Sliding Window Attention is a way to improve the efficiency of attention-based models like the Transformer architecture. It uses a fixed-size window of attention around each token to reduce the time and memory complexity of non-sparse attention. This pattern is especially useful for long input sequences where non-sparse attention can become inefficient. The Sliding Window Attention approach employs multiple stacked layers of windowed attention, resulting in a large receptive field.

Motivation for Sliding Window Attention

The original Transformer formulation has a self-attention component that becomes inefficient when dealing with long input sequences. This is because it has a time and memory complexity of $O\left(n^{2}\right)$, where $n$ is the input sequence length. However, local context is still important for these long sequences. That is why the Sliding Window Attention pattern uses a fixed-size window around each token to attend to a smaller set of contextual tokens.
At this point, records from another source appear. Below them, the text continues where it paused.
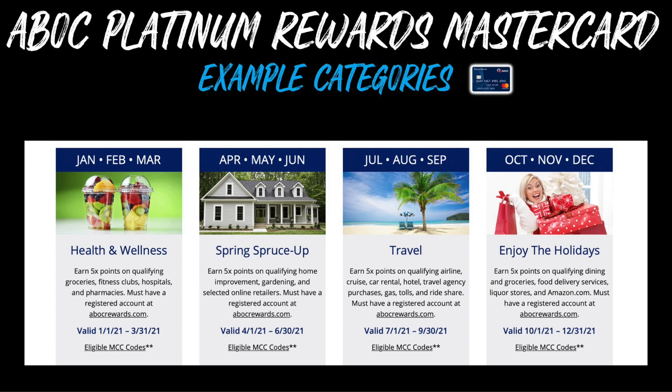Here are some example categories from this card. The first quarter, January through March, was health and wellness — including purchases at grocery stores, fitness clubs, hospitals, and pharmacies. Then in quarter two we have spring spruce up, which includes purchases at home improvement stores, gardening stores, and selected online retailers. Quarter three is all about travel, giving you 5% cash back on qualifying airline, cruise, car rental, hotel, travel agency, gas stations, toll roads, and rideshare purchases. And lastly, in quarter four we have the Enjoy the Holidays category, which covers qualifying dining and grocery store purchases, food delivery services, liquor stores, and Amazon.com.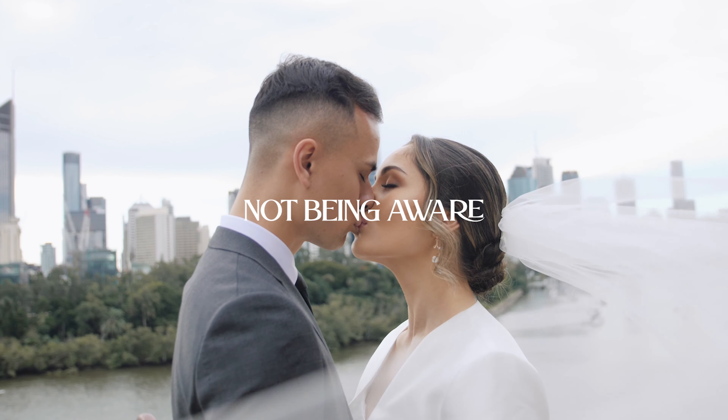And the fifth mistake you don't want to make as a wedding photographer is not being aware of your surroundings. This one might sound obvious, but as photographers we often get tunnel vision looking at the world through our viewfinder. It's easy to only think about ourselves and how to get the best shot. But there are other guests invited to that wedding who want to enjoy their experience as well. There may be situations where we need to position ourselves in the best angle or location to get the best shot, but just be a little aware of the people behind you — if we linger in that spot for too long, we could possibly be blocking their view, which may upset the guests.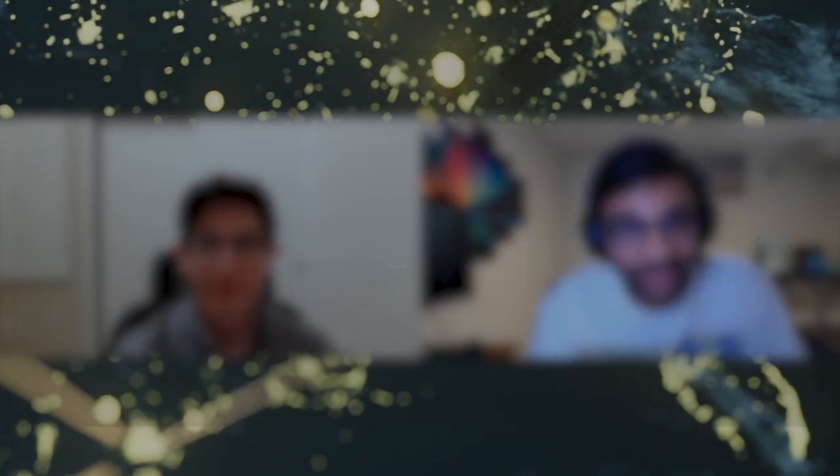We interviewed Chris McKeel from Keel Labs. He's the VP of R&D, and a lot of the talking points were scaling up the process, challenges along the way, methodologies and frameworks to continue to push forward, and creating bio-inspired sustainable products in the textile space. Did you have any highlights you wanted to share from the episode?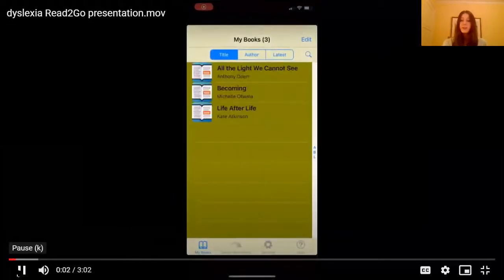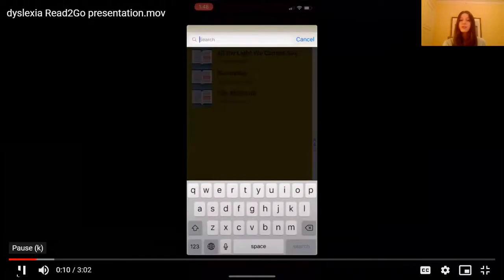This right here is my Bookshare library. You can see a couple of the books that I'm reading right now. I only have a couple of books in my library, but if you happen to have more, you can see right here I'm searching my book, and that can be helpful.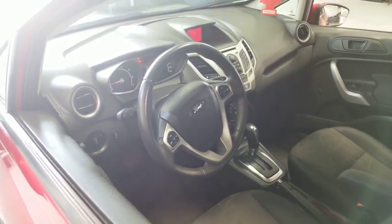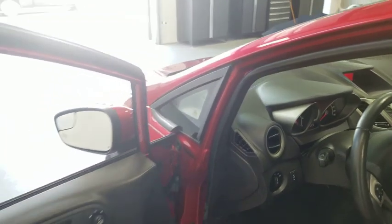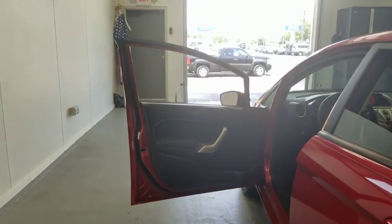Tachometer, daytime running lights, head-up display, power heated outside mirrors, privacy glass. Come take a test drive today.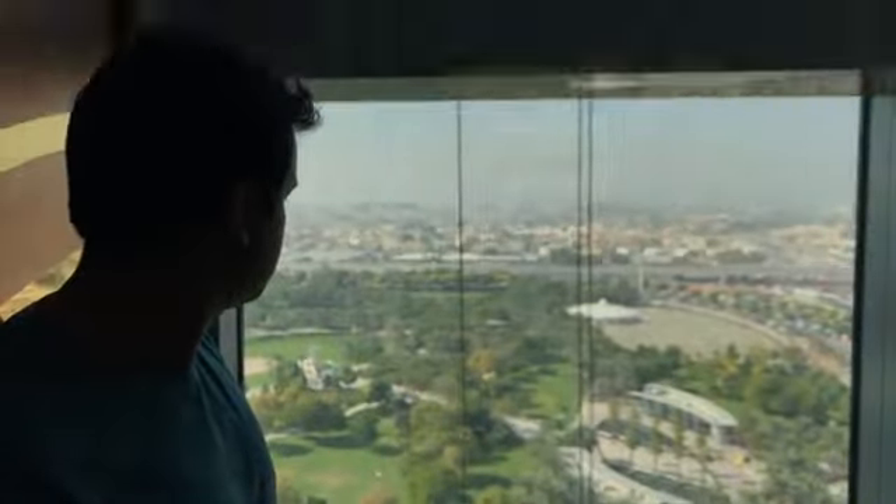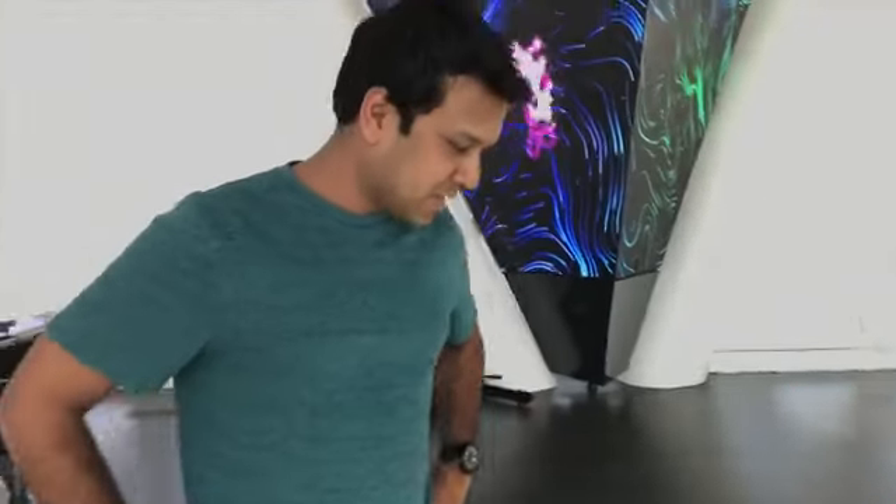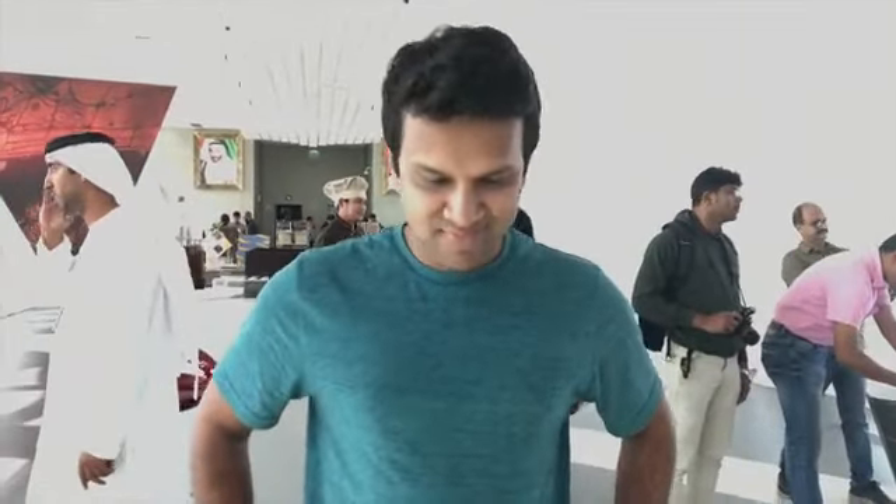We're going to enter the elevator that takes us to the top of the Dubai Frame — one minute and 50 seconds to reach the top. Let's do it.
How Sliding Window Attention Works

Each token in the sequence attends to $\frac{1}{2}w$ tokens on each side, where $w$ is the size of the fixed window. The computation complexity of this pattern is $O\left(n×w\right)$, which scales linearly with input sequence length $n$. This makes Sliding Window Attention much more efficient for long input sequences.
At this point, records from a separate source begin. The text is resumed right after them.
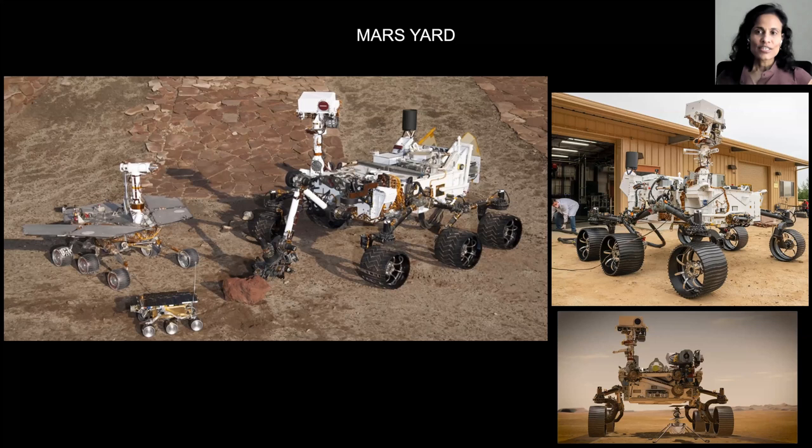Rover planners specialize in three main domains: driving the rover, operating the robotic arm, and sampling. I'll talk about each of these a little bit more.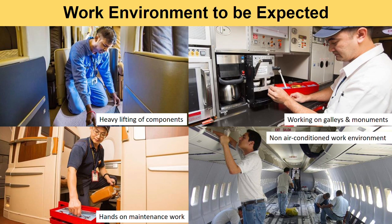What are the working environments that you're expected to be in? You'll be expected to be lifting heavy components, working on galley and monuments, in non-air conditioned work environments. You are also expected to do a lot of hands-on maintenance work.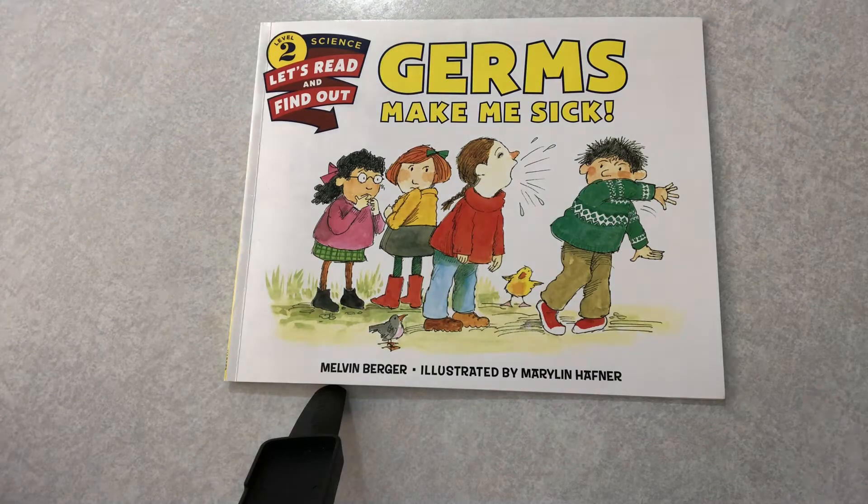Hi boys and girls, it's Miss Stacy from the YMCA. Today we're going to read a story from our Healthy Schools, Healthy Communities curriculum developed by the Michigan Fitness Foundation. Our story today is called Germs Make Me Sick, written by Melvin Berger, illustrated by Mary Lynn Hefner.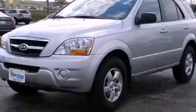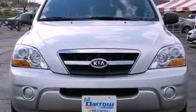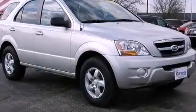This is a 2009 Kia Sorento — plenty of space for what you need. It features a six-cylinder engine, a five-speed automatic transmission, and a clean non-smoker interior.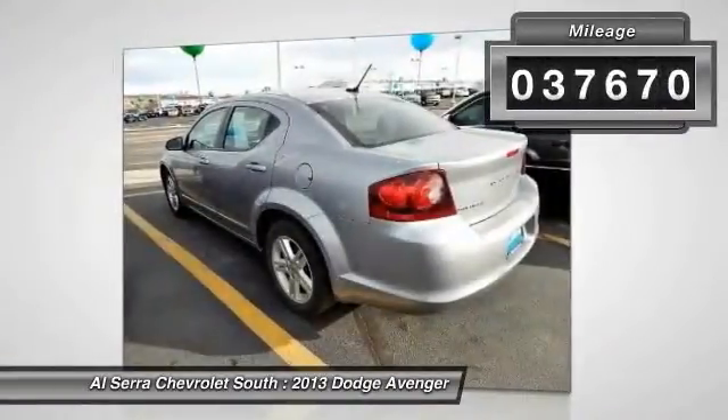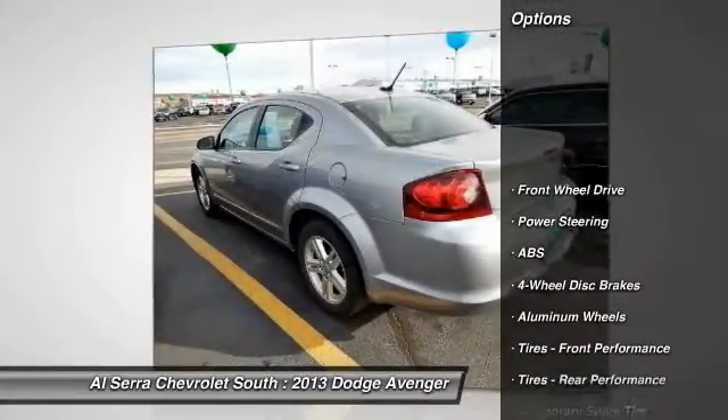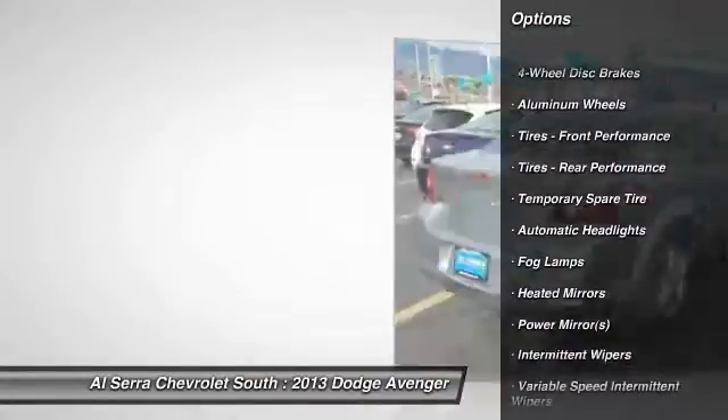This vehicle has less than 40,000 miles. Here are some of this vehicle's great options: stability control, traction control, anti-lock braking system.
Using Stacked Layers of Sliding Window Attention

To build representations that incorporate information across the entire input, multiple stacked layers of Sliding Window Attention can be used. The receptive field size depends on the number of layers and window size. For example, with a transformer of $l$ layers, the receptive field size is $l × w$ (assuming $w$ is fixed for all layers). Depending on the application, different values of $w$ can be used for each layer to balance between efficiency and model representation capacity.

Overall, Sliding Window Attention is a powerful tool for improving the efficiency and effectiveness of attention-based models. It allows these models to better handle long input sequences and incorporate local context into its representations. By using stacked layers of Sliding Window Attention, models can even build a large receptive field and learn from the entire input sequence.